Margaux Blanchard et Sylvain Sartre ont choisi le mini-opéra Los Elementos d'Antonio Literes pour la quatrième édition du JOBE, mêlant l'élégance italienne à la fougue espagnole.
Compositeur et violoncelliste à la chapelle royale de Madrid, Antonio Literes Carrión fut maître de chapelle durant le règne de Philippe V. Il composa Los Elementos, « opéra harmonique dans le style italien », en 1705. Un premier enregistrement par l'ensemble Al Ayre Español d'Eduardo Lopez Banzo en 1998 ressuscitait cette œuvre méconnue. Elle réunit les quatre éléments (l'Air, l'Eau, le Feu, la Terre), l'Aurore et le Temps dans une allégorie poétique aux résonances étonnamment contemporaines au regard des enjeux climatiques. La journée symbolique se déroule en trois séquences, de la fin de la nuit à l'arrivée du soleil, en passant par la naissance de l'aurore. L'aspect poétique du sujet est renforcé par une projection vidéo en fond de scène, évoquant les différentes étapes du réveil de la nature.
À l'initiative de l'ensemble Les Ombres, le Jeune Orchestre Baroque Européen rassemble chaque année des musiciens issus de conservatoires supérieurs de toute l'Europe pour un projet d'insertion professionnelle, sous la direction bicéphale de Margaux Blanchard et Sylvain Sartre. La précédente promotion nous avait proposé un mémorable Vénus et Adonis de John Blow. Et c'est une équipe complétement renouvelée qui met sa jeune énergie au service de cette œuvre qui signe la naissance de l'opéra espagnol. Issue de la zarzuela du XVIIᵉ siècle hispanique, l'œuvre intègre les influences harmoniques italiennes pour un résultat d'une vitalité réjouissante. La variété rythmique est saisissante, avec des changements de métrique binaire/ternaire qui se succèdent à un rythme effréné, bien soulignés par les percussions de Mirabelle Kalfon (CRR Paris). La complicité entre instrumentistes et chanteurs est remarquable et offre de très intéressants dialogues, comme celui de l'Air avec le beau solo de viole de Marino Gonzalès (Schola cantorum Bâle). Le continuo est d'une grande richesse expressive, agrémenté par les interventions de la harpe d'Henriette Urban (Schola cantorum Bâle) et l'orgue et le clavecin d'Agata Sorotokin (Conservatoire royal La Haye).

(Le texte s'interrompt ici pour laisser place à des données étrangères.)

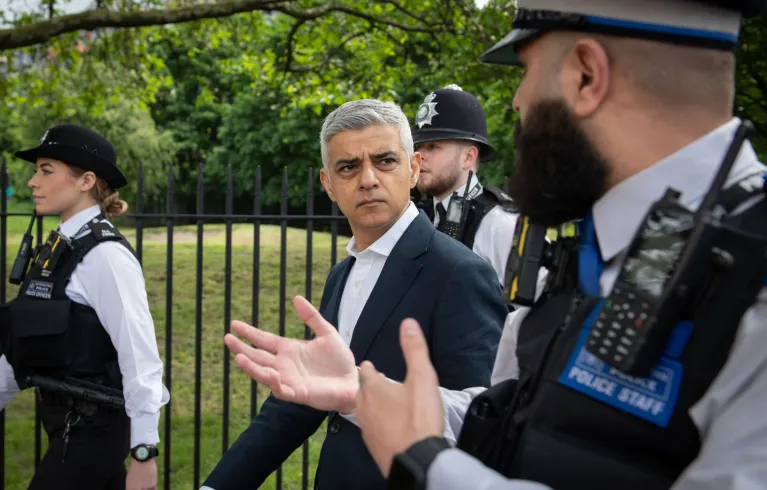 Mayor of London, Sadiq Khan, talking to a police officer as they walk past a park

L'énergie communicative de la jeunesse convient parfaitement à ce répertoire plein d'allant. La distribution vocale réunit quatre sopranos, un contre-ténor et un baryton. Tous font preuve d'une belle présence scénique et d'un engagement remarquable. Dans le rôle de l'Eau, Pauline Gaillard (CNSMD Paris) nous offre un air très touchant accompagné par la harpe. En dernière partie, l'air Quedito, silencio de l'Aurore (Antonina Stepanova, CRR Paris) est un sommet poétique de l'œuvre. Le baryton Paul-Émile Burgevin (CNSMD Paris) est très convaincant dans le rôle du Temps, malgré ses trop rares apparitions. Mais c'est le très jeune contre-ténor hollandais Tibbe Alkemade (Schola cantorum Bâle) qui est la révélation de cette distribution, où il joue le rôle du Feu, avec des aigus remarquables qui en font presque un sopraniste. L'interprétation vocale met en avant chez chacun et chacune un grand sens de la théâtralité, qui compense l'acoustique trop sèche d'une scène peu propice à ce répertoire. Après l'affrontement des éléments, l'Aurore disperse les ténèbres et un chœur final (qui sera repris en bis) vient joyeusement saluer le lever du jour.